La Guerra del Golfo (1990-1991)

La guerra del Golfo, detta anche prima guerra del Golfo in relazione alla cosiddetta seconda guerra del Golfo, è il conflitto che oppose l’Iraq ad una coalizione composta da 35 stati formatasi sotto l’egida dell’ONU e guidata dagli Stati Uniti, che si proponeva di restaurare la sovranità del piccolo emirato del Kuwait, dopo che questo era stato invaso dall’Iraq.

Da “Desert Storm” a “Desert Fox”: le guerre degli Stati Uniti e dei loro alleati contro Saddam Hussein. Oltre dieci anni, tra 1991 e 2003, in cui si intrecciano fine della Guerra Fredda e divisioni del mondo islamico, attentato alle Torri Gemelle e nuovi scenari di guerra “globale”.

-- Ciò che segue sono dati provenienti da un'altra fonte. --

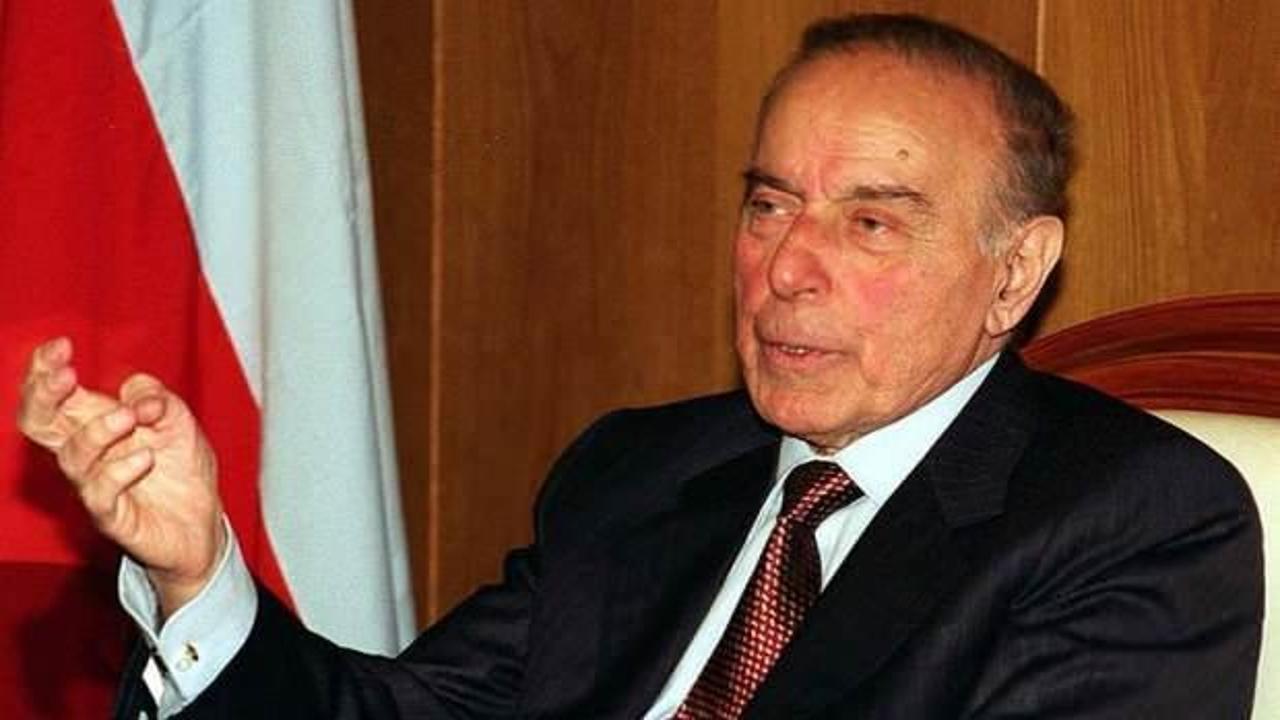 Azerbaycan'ın mimarı Haydar Aliyev, doğumunun 97'nci yılında saygı ve minnetle hatırlanıyor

Il professore Giorgio Del Zanna analizza questo periodo dal 1990, quando Saddam Hussein lancia l’Iraq – ancora provato dalla guerra con l’Iran, terminata due anni prima – alla conquista del Kuwait.

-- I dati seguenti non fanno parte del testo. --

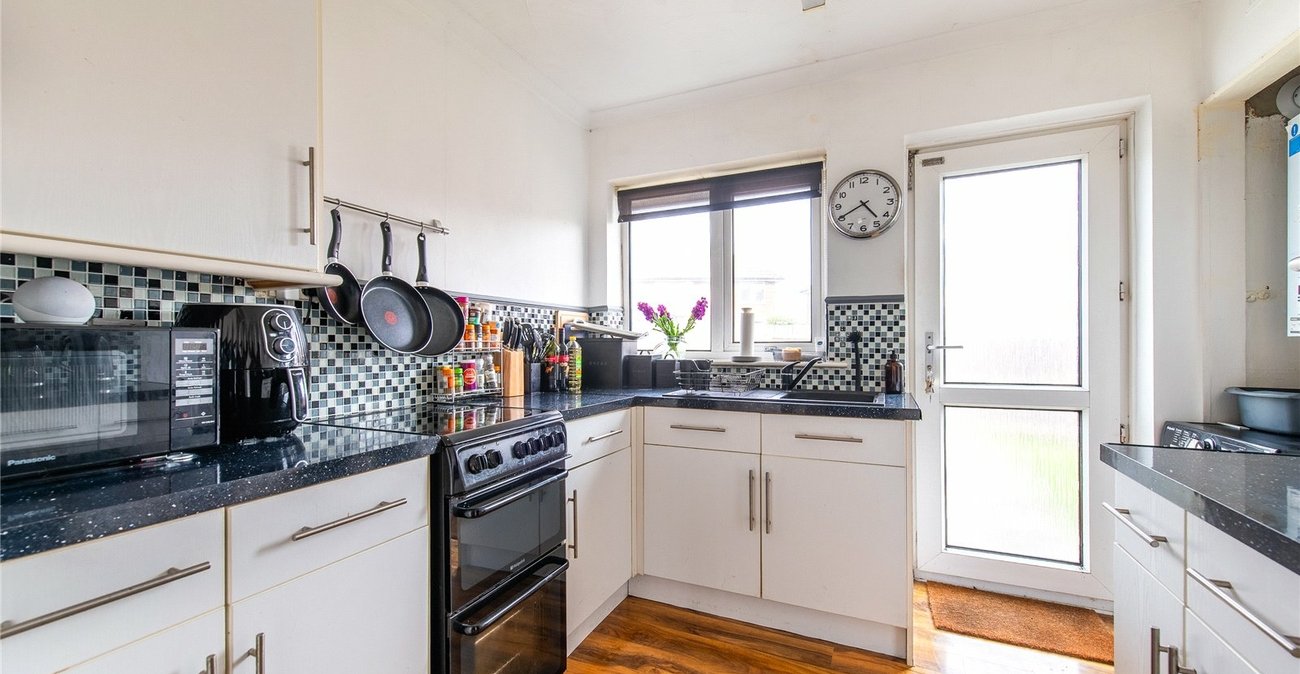 1 bedroom bungalow for sale in Gravesend | Robinson Michael & Jackson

Per gli Stati Uniti di George Bush è troppo. Il conflitto è inevitabile. Contro Saddam si coalizzano una trentina di Paesi. In un paio di mesi piegano il dittatore che, però, viene lasciato al proprio posto.

 

Al di là degli aspetti politici e militari è una guerra che diventa “evento” mediatico: “La prima guerra in diretta – dice Del Zanna – è la Guerra del Golfo, e la Cnn è l’unica che poteva trasmettere in modo libero perché aveva affittato un satellite: abbiamo un guerra dalla terrazza di un hotel”.

Nel 2003 le cose cambiano molto. Dopo il mandato democratico di Clinton, dopo lo choc dell’11 settembre, è il repubblicano George Bush junior a dichiarare guerra a quello che definisce l’“Asse del male”, di cui anche Saddam Hussein fa parte.

Per il dittatore è la fine. Ma l’Iraq, a molti anni dalla fine della guerra, è tutt’altro che pacificato. “La scelta americana di far cadere Saddam è tutta collegata all’11 settembre? È molto forte – conclude Del Zanna – l’idea che bisognasse cambiare gli assi di potere del Medio Oriente e che bisognasse democratizzare. Il grande argomento sarà quello di esportare la democrazia in Iraq creando un effetto domino sui paesi di quell’area. Un obiettivo che però non tiene conto della complessità della realtà irachena, soprattutto delle numerose componenti etniche e religiose”.